Anders denken
Ieder jaar proberen een half miljoen Afrikaners Europa te bereiken. Ze trekken maandenlang door de woestijn van de Sahellanden naar landen als Libië en Algerije en wagen van daaruit de sprong naar het continent van melk en honing.
Met vaak afgeladen bootjes proberen ze het vasteland van Spanje of Italië te bereiken. Regelmatig vergaan die op volle zee met man en muis. Nog regelmatiger worden ze door de kustwacht onderschept, maar dan zijn ze tenminste waar ze wezen willen.Velen verblijven voordat ze de oversteek wagen maanden of zelfs jaren illegaal in Libië of Algerije. Met allerlei baantjes proberen ze genoeg geld te verdienen om de mensensmokkelaars die de vluchten coördineren te betalen. De grenswachten van Libië en Algerije proberen de stroom immigranten aan de grenzen van hun landen met man en macht tegen te houden, maar ze glippen er met bosjes langs. Vanuit steden als Agadez in Niger rijden mensensmokkelaars dagelijks met pick-ups en busjes vol illegalen door de woestijn richting de landen.

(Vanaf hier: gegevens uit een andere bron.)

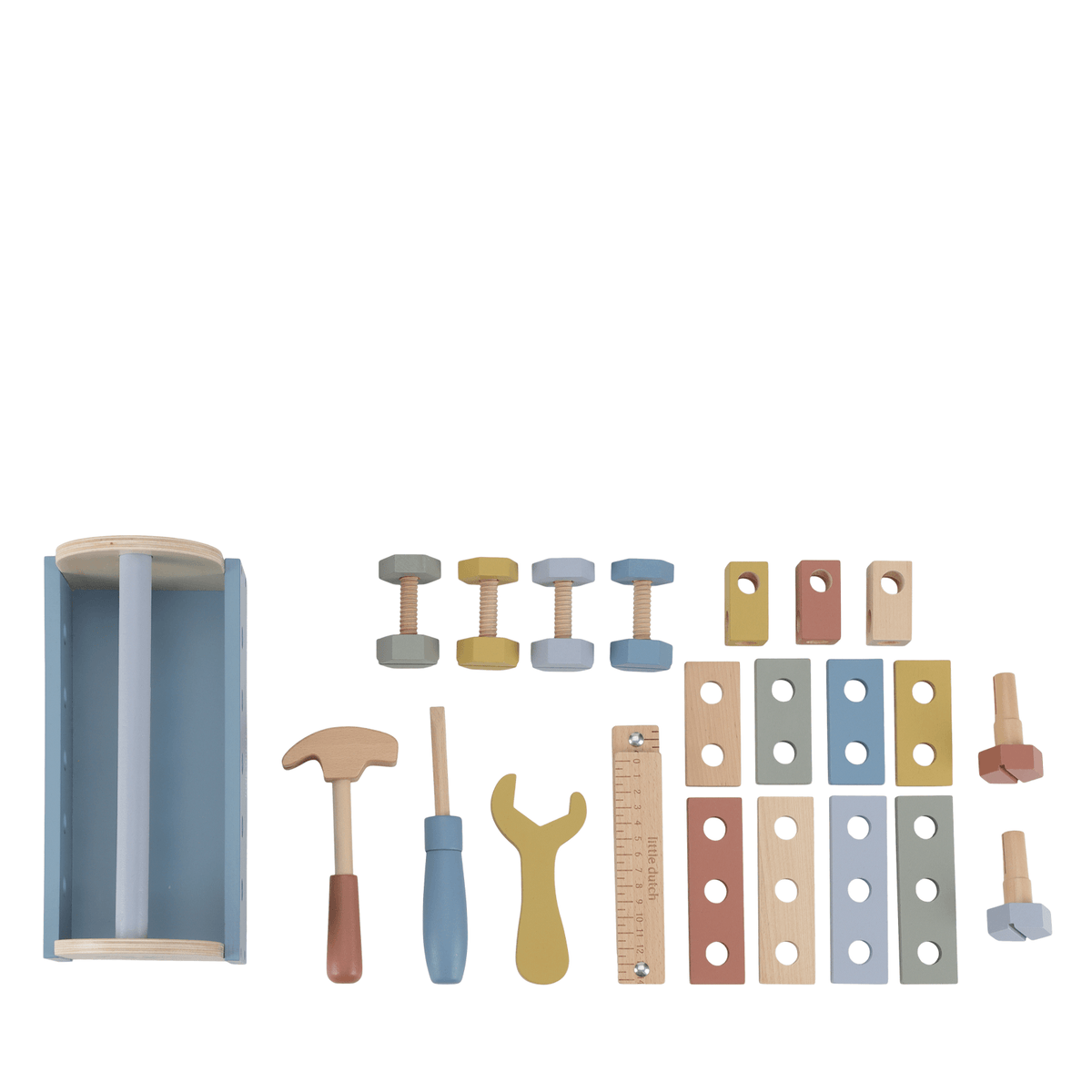 Wooden Tool Box - 26 Pieces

Journalist Gerbert van der Aa beschrijft in zijn recent verschenen boek ”Nigeriaanse toestanden” prachtig hoe grote groepen illegale immigranten op het busstation aan de rand van Agadez zitten te wachten op vervoer. Er is zelfs een speciale hoek voor reizigers die illegaal de Algerijnse of Libische grenzen over willen. De Nigerese overheid maakt er absoluut geen punt van. Voor haar zijn de illegalen die door het land trekken een welkome bron van inkomsten. Ook zij moeten immers eten en slapen.
De vele Afrikanen die recent de Spaanse enclaves Melilla en Ceuta in Marokko probeerden te bereiken maken dus deel uit van een veel groter geheel. Alleen de massaliteit waarmee ze hun doel probeerden te bereiken was nieuw en bracht de problematiek verscherpt onder de aandacht.
De Spaanse overheid begon in allerijl de hekken te verhogen en diepe greppels te graven. Nutteloos, oordeelde Bernard Kouchner, oprichter van Artsen zonder Grenzen en oud-minister van Frankrijk, vorige week in de Franse krant Le Monde. Het verhindert deze Afrikanen heus niet om hardnekkig te blijven zoeken naar wegen om -in Europa- geld te verdienen voor hun familie. Dat zijn ze al jaren zo gewend.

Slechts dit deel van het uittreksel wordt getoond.